[Web page caption snippets]

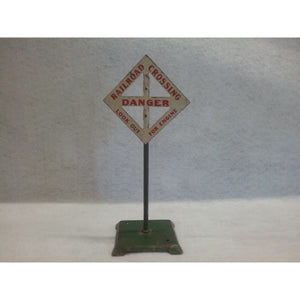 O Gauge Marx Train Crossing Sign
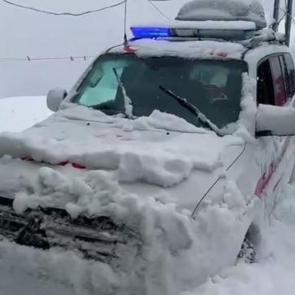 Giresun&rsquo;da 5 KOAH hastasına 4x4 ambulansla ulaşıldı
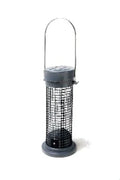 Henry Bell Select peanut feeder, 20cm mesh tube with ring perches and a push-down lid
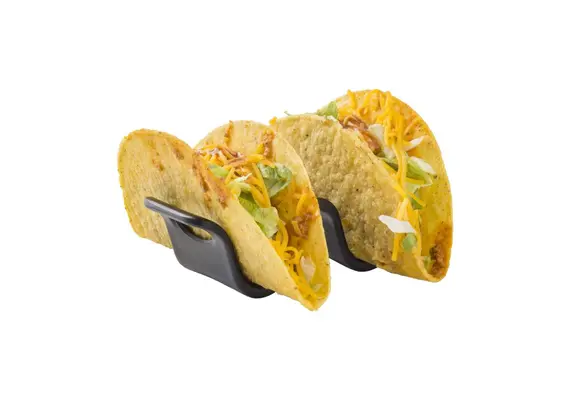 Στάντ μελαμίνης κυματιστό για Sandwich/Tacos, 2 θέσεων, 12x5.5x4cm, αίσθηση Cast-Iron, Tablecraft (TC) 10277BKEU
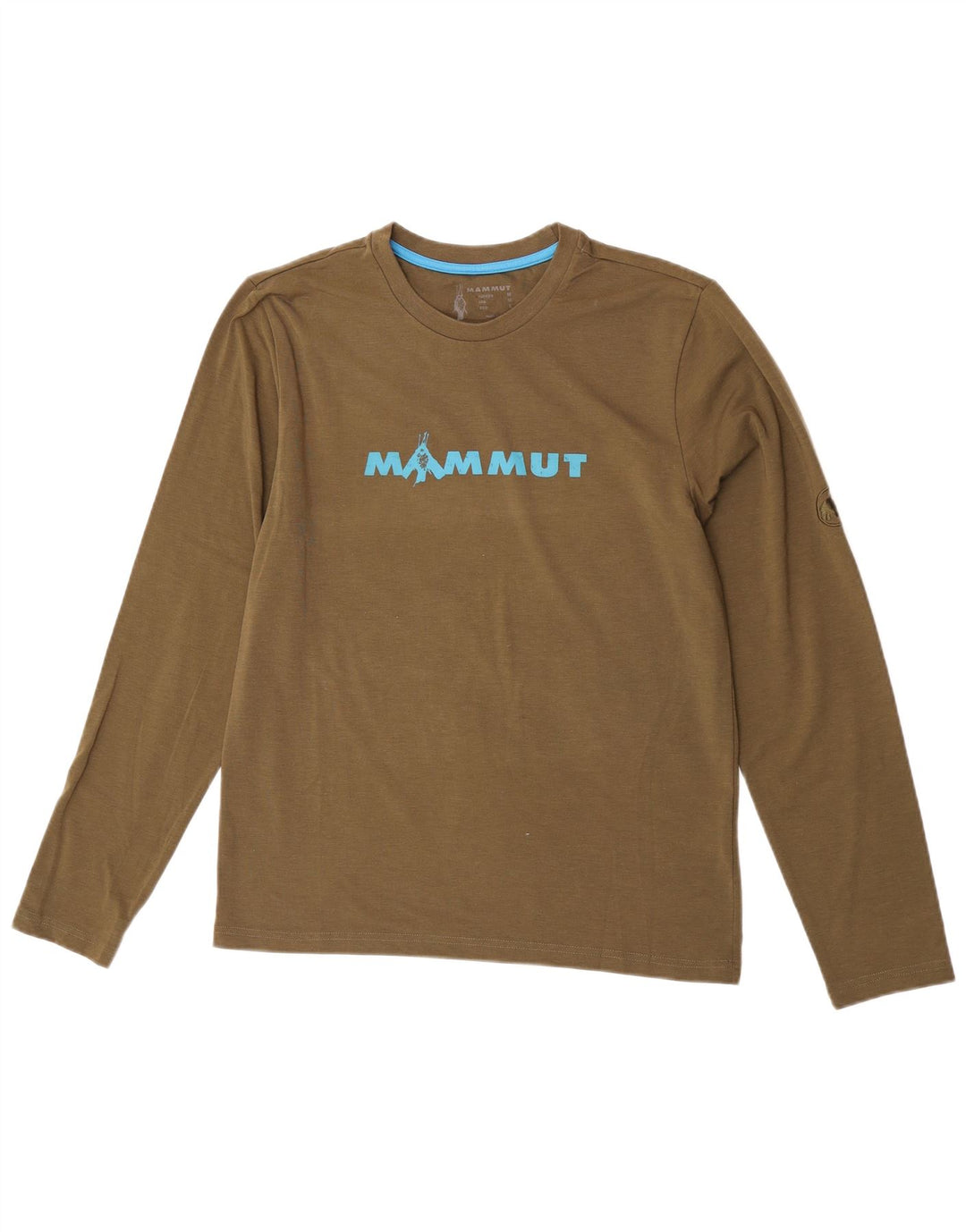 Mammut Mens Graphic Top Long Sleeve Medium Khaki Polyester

# EXERCISE
What is needed is a word-for-word copy of the records above, excluding pictures.

# RESULT FOR THIS TASK
 O Gauge Marx Train Crossing Sign
 Giresun&rsquo;da 5 KOAH hastasına 4x4 ambulansla ulaşıldı
 Henry Bell Select peanut feeder, 20cm mesh tube with ring perches and a push-down lid
 Στάντ μελαμίνης κυματιστό για Sandwich/Tacos, 2 θέσεων, 12x5.5x4cm, αίσθηση Cast-Iron, Tablecraft (TC) 10277BKEU
 Mammut Mens Graphic Top Long Sleeve Medium Khaki Polyester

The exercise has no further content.